The taxpayer here, United States Steel Corporation (“USS”), came to
the view that local property tax officials had illegally reduced the
aggregate assessed valuation of the property in the taxing jurisdiction
during the “assessment years” 1994, 1995, and 1996.[1] If so, USS’s
property taxes for those years would have been too high. On May 5, 1998,
USS filed papers (using forms denominated “Form 133, Petition for
Correction of Error” and “Form 17T, Petition for Refund”) seeking refunds
of the property taxes it contended had been illegally imposed and overpaid
for the 1994-1996 period.
USS’s challenges were first denied by the Lake County Board of Review
and then by the Indiana Board of Tax Review.[2] USS then sought judicial
review in the Indiana Tax Court. The Tax Court concluded that “[t]he only
question is whether Lake County’s removal of assessed valuation from its
tax rolls (and, hence, the resulting tax rate) was, as a matter of law,
illegal—a question that falls squarely within the ambit of the 133
Petition.” U.S. Steel Corp. v. Lake County Prop. Tax Assessment Bd. of
Appeals, 785 N.E.2d 1209, 1216 (Ind. Tax Ct. 2003). The local and state
property tax authorities sought, and we granted, review of the Tax Court’s
decision. Lake Co. Prop. Tax Assessment Bd. of Appeals v. United States
Steel Corp., 804 N.E.2d 749 (Ind. 2003).
Discussion
The principal ground on which the Board of Tax Review dismissed USS’s
claims was that the Board had no subject matter jurisdiction because the
claims involved the county’s tax rate. The Tax Court pointedly rejected
the Board’s disclaimer of jurisdiction. It held that interpreting the
Board’s jurisdiction so narrowly, i.e., that the Board is without
jurisdiction whenever the tax rate is implicated, would allow the Board to
“disclaim subject matter jurisdiction over all appeals concerning assessed
valuation.” U.S. Steel, 785 N.E.2d at 1212-1213 (emphasis in original).
In point of fact, “the removal of the assessed value from Lake County's tax
rolls . . . necessarily implicated the issue of Lake County’s tax rate.”
Id. We agree with this analysis and adopt it.

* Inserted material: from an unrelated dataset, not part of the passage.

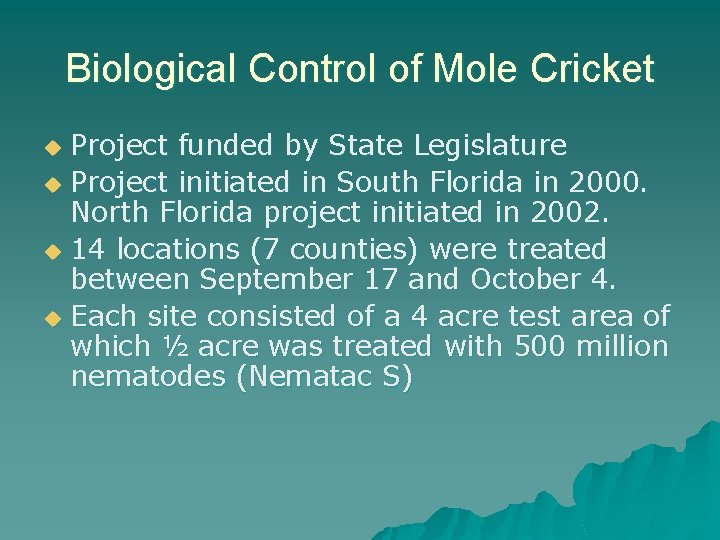 Biological Control of Mole Cricket Project funded by State Legislature u Project initiated in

While we agree with the Tax Court that the local and state property
tax authorities have subject matter jurisdiction over the type of claims
raised by USS, the question remains whether the procedures employed by USS
were in fact available to it.
As we discuss in greater detail in the BP Amoco case decided today,
during the years in question, Indiana Code Section 6-1.1-15-1 and Indiana
Administrative Code Title 50, Regulation 4.2-3-4 contained appeal
provisions that allowed taxpayers to challenge assessments on this basis
for a current year’s assessment on Form 130. Lake County Prop. Tax
Assessment Bd. of Appeals v. BP Amoco Corp., No. 49S10-0309-TA-00400, __
N.E.2d __, slip op. at 2 (Ind. Jan. 13, 2005). But here, USS did not file
its challenges until several years after the years in question. Instead,
USS proceeded under Indiana Code Section 6-1.1-15-12 and Indiana
Administrative Code Title 50, Regulations 4.2-3-4, 12, and 14 and filed its
claims on “Form 133, Petition for Correction of Error,” alleging that “the
taxes, as a matter of law, were illegal.” U.S. Steel, 785 N.E.2d at 1215.

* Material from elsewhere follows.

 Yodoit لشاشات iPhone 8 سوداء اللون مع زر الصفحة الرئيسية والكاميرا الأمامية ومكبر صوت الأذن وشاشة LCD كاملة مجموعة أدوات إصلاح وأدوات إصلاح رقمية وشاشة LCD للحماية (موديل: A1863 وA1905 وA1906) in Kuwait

So even though the nature of its challenge is quite different than that in
the BP Amoco case, the issue is essentially the same: whether Indiana Code
Section 6-1.1-15-12 and Form 133 are available to provide USS the
retrospective relief it seeks on the grounds it asserts.
In its opinion, the Tax Court focused on the nature of USS’s
challenge. Because USS’s contention was that Lake County officials had
acted illegally, the Tax Court reasoned, this was precisely the kind of
claim that the “illegal as a matter of law” provision of Indiana Code
Section 6-1.1-15-12(a)(6) was designed to cover. Id.[3]
Although USS presents a more sympathetic case than the taxpayer in BP
Amoco, we reach the same result. Indiana Code Section 6-1.1-15-12(a)(6)
and Indiana Administrative Code Title 50, Regulation 4.2-3-12 authorize the
use of Form 133 to obtain adjustments to assessments and property tax
refunds where the taxes, as a matter of law, have been determined to be
illegal. BP Amoco, slip op. at 8-9. But they are not available “to
challenge the methodology used in generating an assessment.” Id. (quoting
Ind. Admin. Code tit. 50, r. 4.2-3-12(a) (1992 & 1996)). We conclude that
the legislative and regulatory scheme required USS to set forth in its
contentions that local property tax officials had illegally reduced the
aggregate assessed valuation in the relevant jurisdiction on Form 130,
subject to the time limitations and other requirements of Indiana Code
Section 6-1.1-15-1 and Indiana Administrative Code Title 50 Section 4.2-3-
4. Because USS did not do so, no timely determination was made that its
taxes were illegal as a matter of law and relief under Indiana Code Section
6-1.1-15-12 and Indiana Administrative Code Title 50 Sections 4.2-3-4, 12
and 14 on Form 133 was not available.[4] The State Board of Tax
Commissioners properly dismissed USS’s petitions.
Conclusion
The decision of the Tax Court in this case is affirmed in part and
reversed in part. The decision of the State Board of Tax Commissioners
dismissing USS’s appeals on Form 133 is affirmed.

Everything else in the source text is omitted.